**PROMPT**
From the first line of the records below through the line containing "ภาพที่งดงาม ณ สนามหลวง ชาวไทยร่วมร้อง", copy everything exactly and nothing more.

**SUPPLIED INFORMATION**
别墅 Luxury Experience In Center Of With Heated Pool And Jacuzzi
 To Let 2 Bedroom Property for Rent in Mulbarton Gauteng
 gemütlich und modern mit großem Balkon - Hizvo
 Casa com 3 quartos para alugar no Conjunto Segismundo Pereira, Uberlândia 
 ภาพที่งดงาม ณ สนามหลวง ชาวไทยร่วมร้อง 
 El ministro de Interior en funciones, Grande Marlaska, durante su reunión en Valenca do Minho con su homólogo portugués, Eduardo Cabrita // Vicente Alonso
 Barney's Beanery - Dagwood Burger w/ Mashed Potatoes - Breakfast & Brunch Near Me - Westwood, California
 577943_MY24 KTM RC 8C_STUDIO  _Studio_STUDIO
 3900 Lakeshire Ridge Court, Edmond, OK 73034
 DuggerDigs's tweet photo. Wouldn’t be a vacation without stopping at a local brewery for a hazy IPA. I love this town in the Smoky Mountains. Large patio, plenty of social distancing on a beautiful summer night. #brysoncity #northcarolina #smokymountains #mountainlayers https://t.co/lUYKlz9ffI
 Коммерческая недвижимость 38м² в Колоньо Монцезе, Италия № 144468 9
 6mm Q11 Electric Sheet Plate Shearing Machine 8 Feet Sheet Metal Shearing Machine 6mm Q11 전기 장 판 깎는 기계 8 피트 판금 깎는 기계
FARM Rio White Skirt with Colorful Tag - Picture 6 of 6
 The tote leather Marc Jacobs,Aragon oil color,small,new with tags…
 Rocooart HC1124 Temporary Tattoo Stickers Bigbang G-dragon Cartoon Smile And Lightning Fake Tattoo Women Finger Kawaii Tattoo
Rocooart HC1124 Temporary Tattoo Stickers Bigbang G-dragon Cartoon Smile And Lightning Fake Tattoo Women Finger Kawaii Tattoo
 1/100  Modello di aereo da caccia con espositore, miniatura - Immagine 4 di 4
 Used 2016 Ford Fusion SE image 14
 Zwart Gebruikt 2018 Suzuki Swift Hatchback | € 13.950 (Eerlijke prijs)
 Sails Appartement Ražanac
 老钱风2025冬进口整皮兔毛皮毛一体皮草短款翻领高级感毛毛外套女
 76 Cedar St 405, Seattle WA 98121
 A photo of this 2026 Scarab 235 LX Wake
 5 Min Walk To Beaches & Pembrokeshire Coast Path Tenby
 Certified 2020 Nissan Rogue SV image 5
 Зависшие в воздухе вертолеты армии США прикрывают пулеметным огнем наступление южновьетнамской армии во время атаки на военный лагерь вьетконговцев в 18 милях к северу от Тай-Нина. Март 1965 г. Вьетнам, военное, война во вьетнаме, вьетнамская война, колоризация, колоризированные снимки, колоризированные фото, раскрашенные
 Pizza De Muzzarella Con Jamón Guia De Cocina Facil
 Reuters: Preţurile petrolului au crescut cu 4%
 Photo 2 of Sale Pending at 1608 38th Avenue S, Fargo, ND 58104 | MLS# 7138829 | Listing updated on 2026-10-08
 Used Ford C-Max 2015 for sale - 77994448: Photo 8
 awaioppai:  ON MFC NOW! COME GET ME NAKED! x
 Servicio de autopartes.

**ANSWER BOX**
别墅 Luxury Experience In Center Of With Heated Pool And Jacuzzi
 To Let 2 Bedroom Property for Rent in Mulbarton Gauteng
 gemütlich und modern mit großem Balkon - Hizvo
 Casa com 3 quartos para alugar no Conjunto Segismundo Pereira, Uberlândia 
 ภาพที่งดงาม ณ สนามหลวง ชาวไทยร่วมร้อง 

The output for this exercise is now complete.